Section 9.1 of the Lease sets forth HD Supply's obligations to maintain and repair the Premises. It states: "Except as otherwise provided in this Lease, from and after the Possession Date, [HD Supply] shall repair as necessary and maintain in good condition all parts of the Premises not [Avalon]'s responsibility in this Lease . . . , including all interior building systems, and [HD Supply] shall warrant to [Avalon] for a period of three (3) years after [HD Supply]'s completion of the Proposed Removal and the Proposed Addition, as applicable, that each of the Proposed Removal and the Proposed Addition, as applicable, is free from material defects, and [HD Supply] agrees to repair or cause to be repaired any such defects of which [HD Supply] receives notice within such three (3) year warranty period."
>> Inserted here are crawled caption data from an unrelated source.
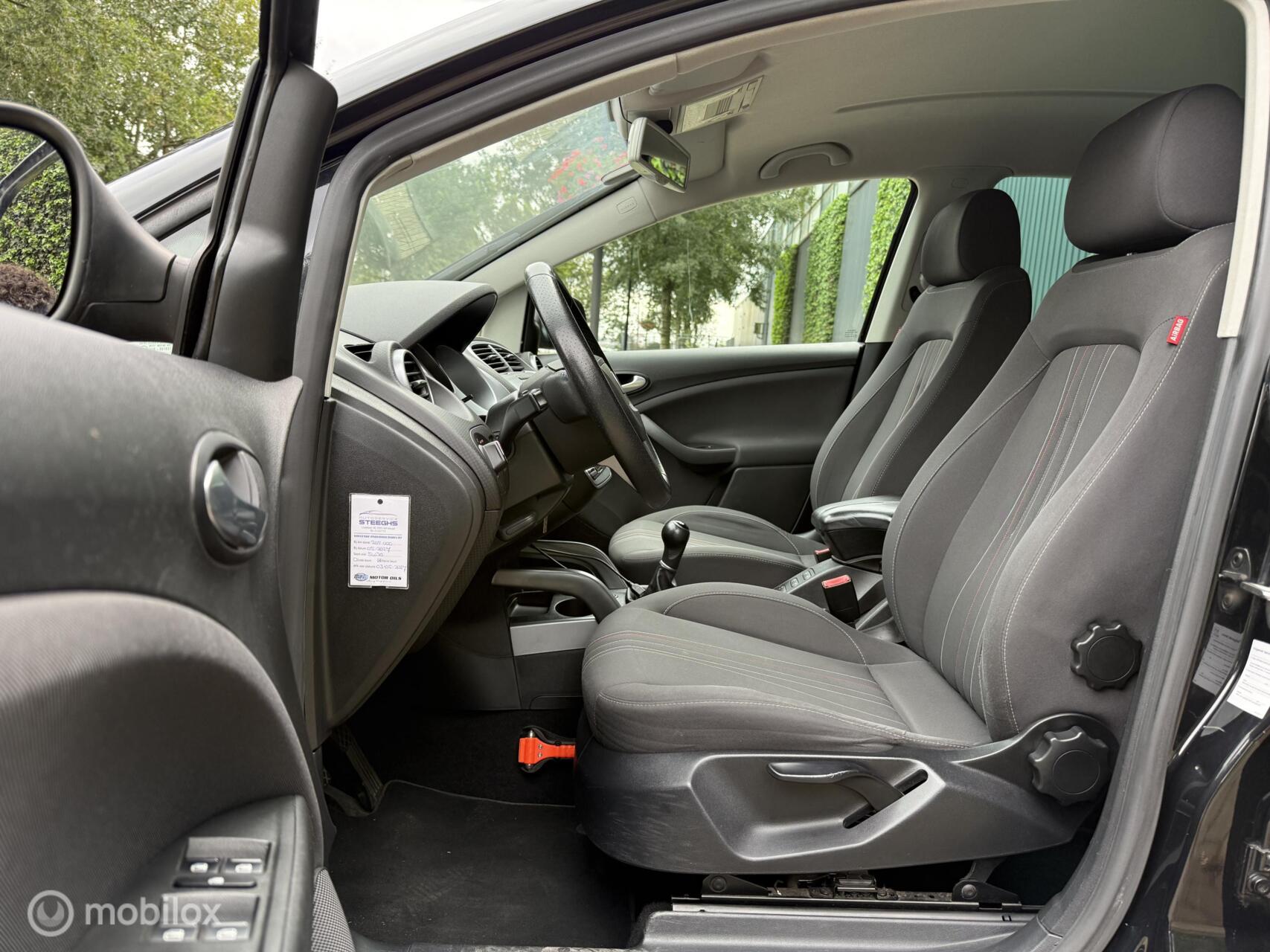 Foto van Seat Altea XL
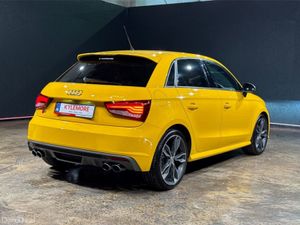 Audi S1 MANUAL 2.0 QUATTRO - UPGRADED ALLOYS/INTER - Image 4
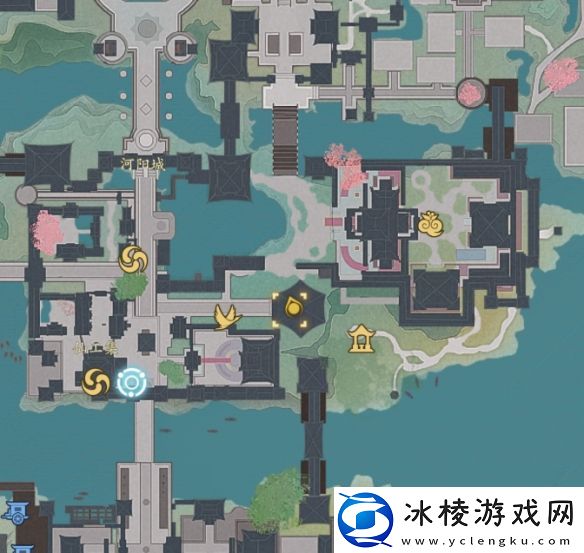 诛仙世界青云山麓闲涉丹青在哪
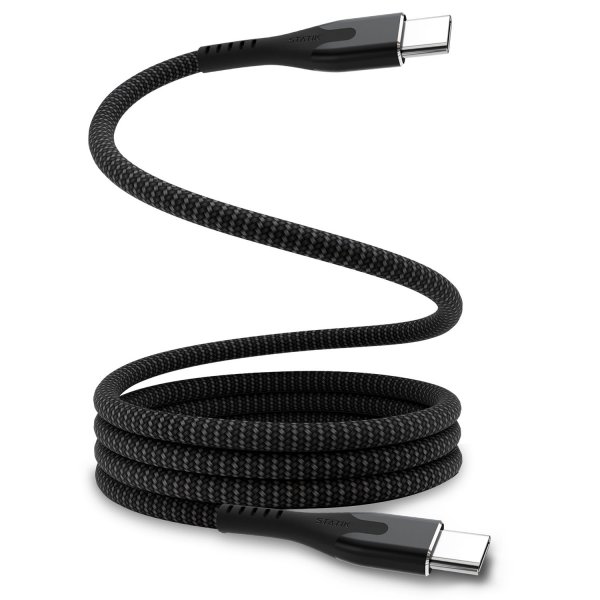 Kabel MagStack Pro USB-C/USB-C 2m Svart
Section 9.3 of the Lease, which concerns HD Supply's obligations on lease termination, provides in relevant part: "[HD Supply] shall surrender the Premises by the Expiration Date or any earlier termination date, with all of the improvements, parts and surfaces, except for those which [Avalon] is obligated to maintain, broom clean and free of debris, and in good operating order, condition and state of repair, ordinary wear and tear excepted. . . . [HD Supply] shall repair any damage caused by the installation, maintenance or removal of structures, trade fixtures, furniture, equipment, systems and other personal property. . . , and [HD Supply] owned furnishings."

From December 2006 to May 2007, representatives of HD Supply and Avalon met with the City of Santa Ana Planning and Building Agency, police department, and city council to obtain necessary approvals to implement the conceptual plans. On March 26, 2007, the City of Santa Ana Planning Commission approved a variance for the Premises. However, no construction permits were obtained for the renovation project. On May 18, 2007, HD Supply prepared a notice of intent for the State Water Resources Control Board with a project completion date of December 25, 2007.

Avalon delivered possession of the Premises to HD Supply on May 15, 2007. Sometime thereafter, HD Supply commenced the renovations by removing part of the interior office space on the north end of building A. By the summer of 2007, the demand for home building and construction materials was declining and HD Supply was experiencing a significant downturn in sales at other locations. In August 2007, HD Supply suspended the renovations and notified its design and development firm it was "not going forward with construction." At the same time, HD Supply stopped construction on several other sites being developed into retail facilities.

HD Supply continued paying rent and property taxes on the Premises, and has tried unsuccessfully to sublease them.

After HD Supply ceased renovations, the Premises were vandalized and burglarized. The alarm and sprinkler systems were disabled, some skylights were removed, fencing had been cut or separated, and copper wiring, electrical systems, and bathroom fixtures were stolen. The exterior was marked with extensive graffiti. Vagrants camped inside the buildings and set fires, and Avalon was concerned the Premises would burn to the ground.

Avalon notified HD Supply of the property damage to the Premises and the presence of vagrants and sent HD Supply pictures of the Premises taken in late August 2007 showing the damage. According to Avalon, the demolition, property damage, and vandalism made the Premises unsellable and unleasable to others. Avalon did not seek to terminate the Lease.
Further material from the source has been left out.